With all this to come, you might expect strong advocacy from different technology interests. Instead, the enormity of the Net Zero heat challenge means that no ‘silver bullet’ solution is credible. Speakers and delegates from across the industry recognised that different housing types, consumer preferences, system costs, and regional options will all impact on the transition.

Of course, this presents a significant challenge for policy makers in itself. Pace is clearly necessary – Andy Parker from Calor pointed out there are significantly fewer minutes between now and 2050 than there are houses to convert to clean heating – and so is a strong national framework.

This needs flexibility for local approaches, and it needs to ensure fairness. It means considering the right balance in the roles of the taxpayer and bill payer. It means considering social equity, and geography – if some areas have access to solutions that others do not, or move at a different pace, how should we share costs?

Whatever your view of the ultimate technology mix, the within all of these questions the framework must deliver widespread energy efficiency.

If there is no ‘silver bullet’ for technology, neither is there for policy. What is clear, though, is that we need to take a whole systems approach that considers the relationships between gas, electricity, heat, transport, industry and more.
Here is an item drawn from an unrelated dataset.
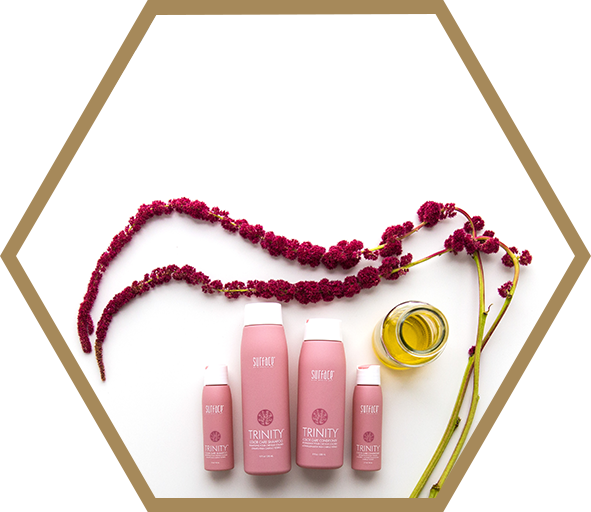 A group of pink bottles and some red beads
In the short term, we must build on world-leading innovation in areas such as hydrogen blending and conversion for the gas networks, and trial heat technologies at scale to see the real impacts on carbon emissions and the energy system.

In that context, ENA was delighted to present the Pathways to Net Zero report at the conference. As the policy environment develops through 2020, we will be continuing our work to ensure that Gas Goes Green.